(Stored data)
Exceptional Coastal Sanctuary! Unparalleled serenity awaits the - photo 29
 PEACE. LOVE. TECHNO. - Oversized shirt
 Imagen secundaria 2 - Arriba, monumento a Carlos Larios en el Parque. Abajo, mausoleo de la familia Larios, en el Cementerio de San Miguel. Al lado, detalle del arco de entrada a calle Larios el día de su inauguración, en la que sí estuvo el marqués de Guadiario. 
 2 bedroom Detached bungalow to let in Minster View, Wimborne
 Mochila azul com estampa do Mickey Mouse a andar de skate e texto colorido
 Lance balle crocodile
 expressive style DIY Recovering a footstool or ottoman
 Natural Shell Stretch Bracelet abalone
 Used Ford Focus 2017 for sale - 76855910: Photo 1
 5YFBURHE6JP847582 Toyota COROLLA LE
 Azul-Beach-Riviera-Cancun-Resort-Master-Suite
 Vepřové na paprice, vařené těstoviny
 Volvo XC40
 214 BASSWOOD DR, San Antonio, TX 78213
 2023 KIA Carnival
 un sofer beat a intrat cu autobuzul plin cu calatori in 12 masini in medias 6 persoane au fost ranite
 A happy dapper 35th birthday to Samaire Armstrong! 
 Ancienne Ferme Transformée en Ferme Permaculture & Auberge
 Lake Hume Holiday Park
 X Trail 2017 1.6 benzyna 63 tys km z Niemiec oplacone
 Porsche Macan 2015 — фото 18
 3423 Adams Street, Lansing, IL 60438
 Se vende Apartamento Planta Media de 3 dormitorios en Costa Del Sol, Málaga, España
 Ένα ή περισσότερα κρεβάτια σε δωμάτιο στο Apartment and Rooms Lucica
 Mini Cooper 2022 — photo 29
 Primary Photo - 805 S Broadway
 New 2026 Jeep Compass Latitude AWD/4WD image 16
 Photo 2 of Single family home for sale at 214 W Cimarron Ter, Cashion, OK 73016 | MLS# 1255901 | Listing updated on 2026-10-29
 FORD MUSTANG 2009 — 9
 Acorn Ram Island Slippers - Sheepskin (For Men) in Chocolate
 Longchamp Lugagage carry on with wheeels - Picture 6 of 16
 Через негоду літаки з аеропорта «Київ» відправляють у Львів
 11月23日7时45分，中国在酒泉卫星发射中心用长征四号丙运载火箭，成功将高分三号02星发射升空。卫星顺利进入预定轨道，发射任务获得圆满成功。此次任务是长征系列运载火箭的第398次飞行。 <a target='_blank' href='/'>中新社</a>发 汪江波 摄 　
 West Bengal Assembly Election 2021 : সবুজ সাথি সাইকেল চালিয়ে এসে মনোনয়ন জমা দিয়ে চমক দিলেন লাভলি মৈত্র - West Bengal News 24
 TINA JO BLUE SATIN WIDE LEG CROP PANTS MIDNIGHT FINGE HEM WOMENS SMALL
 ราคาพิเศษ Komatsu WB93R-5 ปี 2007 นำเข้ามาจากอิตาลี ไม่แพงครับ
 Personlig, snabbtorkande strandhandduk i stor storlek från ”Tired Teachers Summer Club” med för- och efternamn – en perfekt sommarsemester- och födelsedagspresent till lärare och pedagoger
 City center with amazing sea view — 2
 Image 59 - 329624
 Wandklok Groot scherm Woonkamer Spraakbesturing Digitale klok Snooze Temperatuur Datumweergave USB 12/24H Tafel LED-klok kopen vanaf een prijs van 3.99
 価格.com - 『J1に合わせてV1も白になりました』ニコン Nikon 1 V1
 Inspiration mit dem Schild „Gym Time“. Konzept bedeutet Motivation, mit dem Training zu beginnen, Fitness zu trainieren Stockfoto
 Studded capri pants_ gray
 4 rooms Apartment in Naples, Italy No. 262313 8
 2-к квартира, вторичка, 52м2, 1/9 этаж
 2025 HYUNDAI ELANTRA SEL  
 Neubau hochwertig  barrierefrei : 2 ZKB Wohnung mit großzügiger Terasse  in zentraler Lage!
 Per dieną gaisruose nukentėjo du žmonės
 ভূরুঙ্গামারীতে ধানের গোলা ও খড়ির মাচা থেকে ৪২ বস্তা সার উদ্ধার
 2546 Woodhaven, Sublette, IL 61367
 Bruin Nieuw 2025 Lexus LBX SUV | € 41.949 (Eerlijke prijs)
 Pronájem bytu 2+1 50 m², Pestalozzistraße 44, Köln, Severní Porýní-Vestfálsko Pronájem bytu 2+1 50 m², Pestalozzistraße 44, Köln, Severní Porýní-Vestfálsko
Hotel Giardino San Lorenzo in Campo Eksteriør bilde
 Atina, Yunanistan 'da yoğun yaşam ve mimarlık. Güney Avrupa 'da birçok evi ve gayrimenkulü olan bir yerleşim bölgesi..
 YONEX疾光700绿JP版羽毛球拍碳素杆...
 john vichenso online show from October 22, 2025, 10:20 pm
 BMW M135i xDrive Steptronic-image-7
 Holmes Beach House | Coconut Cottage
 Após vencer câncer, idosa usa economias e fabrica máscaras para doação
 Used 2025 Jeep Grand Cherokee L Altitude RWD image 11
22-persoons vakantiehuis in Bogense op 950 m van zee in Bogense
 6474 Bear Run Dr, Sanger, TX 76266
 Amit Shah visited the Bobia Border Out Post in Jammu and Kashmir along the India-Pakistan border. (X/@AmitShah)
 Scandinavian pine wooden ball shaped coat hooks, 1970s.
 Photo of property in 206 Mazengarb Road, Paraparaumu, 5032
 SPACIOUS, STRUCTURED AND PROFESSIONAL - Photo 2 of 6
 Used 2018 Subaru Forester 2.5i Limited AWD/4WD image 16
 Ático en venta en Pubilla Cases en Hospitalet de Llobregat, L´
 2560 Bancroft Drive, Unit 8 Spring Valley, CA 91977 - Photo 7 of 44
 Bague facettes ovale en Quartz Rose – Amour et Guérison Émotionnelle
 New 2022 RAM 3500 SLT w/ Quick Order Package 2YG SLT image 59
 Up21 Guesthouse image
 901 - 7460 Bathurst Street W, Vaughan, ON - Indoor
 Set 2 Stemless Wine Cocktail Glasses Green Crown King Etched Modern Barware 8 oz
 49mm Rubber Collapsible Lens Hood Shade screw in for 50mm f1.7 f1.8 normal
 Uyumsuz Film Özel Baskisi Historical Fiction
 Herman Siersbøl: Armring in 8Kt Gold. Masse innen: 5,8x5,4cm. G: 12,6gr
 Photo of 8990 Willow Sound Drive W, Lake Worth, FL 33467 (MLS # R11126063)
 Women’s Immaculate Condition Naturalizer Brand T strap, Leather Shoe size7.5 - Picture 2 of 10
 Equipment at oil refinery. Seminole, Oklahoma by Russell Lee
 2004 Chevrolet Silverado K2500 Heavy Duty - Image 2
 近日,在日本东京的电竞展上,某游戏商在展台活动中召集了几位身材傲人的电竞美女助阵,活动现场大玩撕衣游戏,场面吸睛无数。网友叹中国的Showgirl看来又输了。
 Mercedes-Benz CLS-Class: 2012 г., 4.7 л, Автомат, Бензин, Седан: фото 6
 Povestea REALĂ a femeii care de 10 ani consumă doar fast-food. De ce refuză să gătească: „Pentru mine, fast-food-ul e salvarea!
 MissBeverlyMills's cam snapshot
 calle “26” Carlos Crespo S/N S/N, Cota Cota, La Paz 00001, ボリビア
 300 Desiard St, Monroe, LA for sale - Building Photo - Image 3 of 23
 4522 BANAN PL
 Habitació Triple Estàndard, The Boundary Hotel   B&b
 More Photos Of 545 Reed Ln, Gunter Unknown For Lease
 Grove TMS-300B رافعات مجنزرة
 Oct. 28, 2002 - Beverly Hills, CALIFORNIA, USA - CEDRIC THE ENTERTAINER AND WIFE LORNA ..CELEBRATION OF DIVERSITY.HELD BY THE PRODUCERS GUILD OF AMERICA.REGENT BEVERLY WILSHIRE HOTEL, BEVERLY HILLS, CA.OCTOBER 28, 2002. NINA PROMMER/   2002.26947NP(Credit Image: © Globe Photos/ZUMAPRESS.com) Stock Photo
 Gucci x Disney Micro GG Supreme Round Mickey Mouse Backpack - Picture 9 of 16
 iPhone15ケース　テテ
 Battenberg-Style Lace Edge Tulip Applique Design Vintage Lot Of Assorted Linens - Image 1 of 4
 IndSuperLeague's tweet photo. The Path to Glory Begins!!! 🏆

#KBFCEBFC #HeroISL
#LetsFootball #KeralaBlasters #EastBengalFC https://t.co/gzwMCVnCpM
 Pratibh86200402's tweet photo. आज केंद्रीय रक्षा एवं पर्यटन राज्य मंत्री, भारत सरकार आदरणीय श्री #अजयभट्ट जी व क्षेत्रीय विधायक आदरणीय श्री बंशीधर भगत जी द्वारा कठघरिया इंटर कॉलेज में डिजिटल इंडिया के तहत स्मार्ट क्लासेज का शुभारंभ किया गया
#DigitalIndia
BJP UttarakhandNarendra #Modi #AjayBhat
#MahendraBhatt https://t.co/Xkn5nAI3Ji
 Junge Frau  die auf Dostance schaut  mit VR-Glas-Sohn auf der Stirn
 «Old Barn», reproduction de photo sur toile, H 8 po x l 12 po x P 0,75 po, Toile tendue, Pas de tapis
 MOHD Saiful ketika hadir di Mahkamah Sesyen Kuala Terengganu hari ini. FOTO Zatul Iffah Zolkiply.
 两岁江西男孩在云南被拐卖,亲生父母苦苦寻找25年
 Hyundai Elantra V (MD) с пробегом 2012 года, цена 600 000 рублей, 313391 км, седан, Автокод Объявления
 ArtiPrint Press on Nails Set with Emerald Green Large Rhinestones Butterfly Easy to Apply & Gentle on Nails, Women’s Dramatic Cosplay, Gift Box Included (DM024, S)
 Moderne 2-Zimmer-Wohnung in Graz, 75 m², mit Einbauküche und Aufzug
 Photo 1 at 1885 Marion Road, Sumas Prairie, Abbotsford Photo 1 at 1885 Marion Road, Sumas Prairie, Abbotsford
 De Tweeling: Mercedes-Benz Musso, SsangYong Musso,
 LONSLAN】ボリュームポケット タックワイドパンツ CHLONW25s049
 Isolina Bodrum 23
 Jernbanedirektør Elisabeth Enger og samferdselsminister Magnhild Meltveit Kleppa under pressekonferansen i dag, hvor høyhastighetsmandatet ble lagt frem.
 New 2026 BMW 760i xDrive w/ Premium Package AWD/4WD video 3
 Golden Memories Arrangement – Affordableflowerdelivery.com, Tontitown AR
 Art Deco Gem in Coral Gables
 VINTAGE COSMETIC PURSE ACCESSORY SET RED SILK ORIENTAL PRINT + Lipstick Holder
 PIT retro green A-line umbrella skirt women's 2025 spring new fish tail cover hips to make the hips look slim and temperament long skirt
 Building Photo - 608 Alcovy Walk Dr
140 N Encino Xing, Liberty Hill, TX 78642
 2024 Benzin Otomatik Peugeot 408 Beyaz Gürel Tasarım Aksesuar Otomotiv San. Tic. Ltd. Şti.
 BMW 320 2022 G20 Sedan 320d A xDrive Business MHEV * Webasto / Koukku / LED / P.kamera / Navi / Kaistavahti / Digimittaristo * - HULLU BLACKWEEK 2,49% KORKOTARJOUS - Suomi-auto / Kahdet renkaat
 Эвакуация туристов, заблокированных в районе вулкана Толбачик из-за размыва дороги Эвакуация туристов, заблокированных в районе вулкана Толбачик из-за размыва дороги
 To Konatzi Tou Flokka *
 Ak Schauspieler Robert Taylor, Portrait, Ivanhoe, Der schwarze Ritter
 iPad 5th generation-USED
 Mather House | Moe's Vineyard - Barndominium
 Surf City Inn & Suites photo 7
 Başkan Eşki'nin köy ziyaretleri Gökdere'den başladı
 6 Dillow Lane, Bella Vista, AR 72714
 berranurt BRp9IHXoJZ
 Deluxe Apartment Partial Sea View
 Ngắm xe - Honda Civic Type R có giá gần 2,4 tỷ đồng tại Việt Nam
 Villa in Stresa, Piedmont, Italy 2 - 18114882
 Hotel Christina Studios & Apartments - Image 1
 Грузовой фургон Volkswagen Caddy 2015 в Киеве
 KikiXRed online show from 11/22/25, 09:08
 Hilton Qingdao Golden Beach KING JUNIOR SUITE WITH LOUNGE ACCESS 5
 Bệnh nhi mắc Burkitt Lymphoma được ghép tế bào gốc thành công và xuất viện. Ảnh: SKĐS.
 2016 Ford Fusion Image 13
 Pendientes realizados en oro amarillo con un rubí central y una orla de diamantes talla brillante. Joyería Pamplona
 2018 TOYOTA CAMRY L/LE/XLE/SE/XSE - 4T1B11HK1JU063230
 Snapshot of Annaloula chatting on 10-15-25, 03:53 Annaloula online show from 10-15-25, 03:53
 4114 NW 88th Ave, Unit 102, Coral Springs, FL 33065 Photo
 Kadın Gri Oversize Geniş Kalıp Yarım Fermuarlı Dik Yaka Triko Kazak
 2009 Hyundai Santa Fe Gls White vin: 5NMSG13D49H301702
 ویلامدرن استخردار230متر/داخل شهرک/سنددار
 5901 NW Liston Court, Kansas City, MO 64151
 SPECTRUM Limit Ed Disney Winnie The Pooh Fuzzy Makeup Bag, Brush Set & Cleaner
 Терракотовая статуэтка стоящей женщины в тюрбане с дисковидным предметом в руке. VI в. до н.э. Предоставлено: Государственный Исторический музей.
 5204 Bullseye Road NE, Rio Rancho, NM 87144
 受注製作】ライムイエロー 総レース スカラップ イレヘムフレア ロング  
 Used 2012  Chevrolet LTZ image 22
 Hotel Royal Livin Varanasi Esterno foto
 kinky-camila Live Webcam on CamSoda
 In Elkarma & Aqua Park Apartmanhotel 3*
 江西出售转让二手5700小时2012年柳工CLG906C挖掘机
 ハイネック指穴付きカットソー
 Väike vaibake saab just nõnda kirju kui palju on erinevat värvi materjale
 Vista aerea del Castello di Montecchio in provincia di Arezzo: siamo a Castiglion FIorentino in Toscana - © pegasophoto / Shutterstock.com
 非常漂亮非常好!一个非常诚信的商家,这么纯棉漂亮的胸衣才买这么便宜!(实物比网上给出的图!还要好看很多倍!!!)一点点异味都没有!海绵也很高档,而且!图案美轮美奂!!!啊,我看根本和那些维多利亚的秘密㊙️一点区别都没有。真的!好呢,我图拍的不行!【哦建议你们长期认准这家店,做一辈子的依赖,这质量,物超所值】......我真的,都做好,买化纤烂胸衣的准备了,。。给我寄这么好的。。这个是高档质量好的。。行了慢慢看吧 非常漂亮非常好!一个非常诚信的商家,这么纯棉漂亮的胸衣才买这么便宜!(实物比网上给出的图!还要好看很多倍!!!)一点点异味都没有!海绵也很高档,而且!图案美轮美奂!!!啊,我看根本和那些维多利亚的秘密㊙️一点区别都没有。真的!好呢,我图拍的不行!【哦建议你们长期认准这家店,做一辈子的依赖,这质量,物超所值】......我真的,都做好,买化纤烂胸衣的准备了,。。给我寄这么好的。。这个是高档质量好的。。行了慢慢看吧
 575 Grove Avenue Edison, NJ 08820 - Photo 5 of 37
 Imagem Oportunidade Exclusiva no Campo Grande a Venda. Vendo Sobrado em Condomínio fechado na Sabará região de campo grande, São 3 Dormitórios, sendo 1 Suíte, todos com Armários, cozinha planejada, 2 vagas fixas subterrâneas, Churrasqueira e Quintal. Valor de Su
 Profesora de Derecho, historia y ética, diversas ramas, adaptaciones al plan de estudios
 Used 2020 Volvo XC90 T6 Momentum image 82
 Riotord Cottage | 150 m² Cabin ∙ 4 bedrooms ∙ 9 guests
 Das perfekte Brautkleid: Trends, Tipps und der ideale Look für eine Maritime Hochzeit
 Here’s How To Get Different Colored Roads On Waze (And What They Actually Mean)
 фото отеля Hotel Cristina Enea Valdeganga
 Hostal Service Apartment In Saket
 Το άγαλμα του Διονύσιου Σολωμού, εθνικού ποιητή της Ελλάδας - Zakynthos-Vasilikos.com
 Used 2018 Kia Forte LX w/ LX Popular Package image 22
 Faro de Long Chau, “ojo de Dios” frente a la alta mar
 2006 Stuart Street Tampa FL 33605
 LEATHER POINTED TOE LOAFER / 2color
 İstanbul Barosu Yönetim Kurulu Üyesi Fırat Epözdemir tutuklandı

* **Exercise directions**
Look through the entries above, and wherever a line holds the word "Volvo", copy it.

* **Problem solution**
 Volvo XC40
 Used 2020 Volvo XC90 T6 Momentum image 82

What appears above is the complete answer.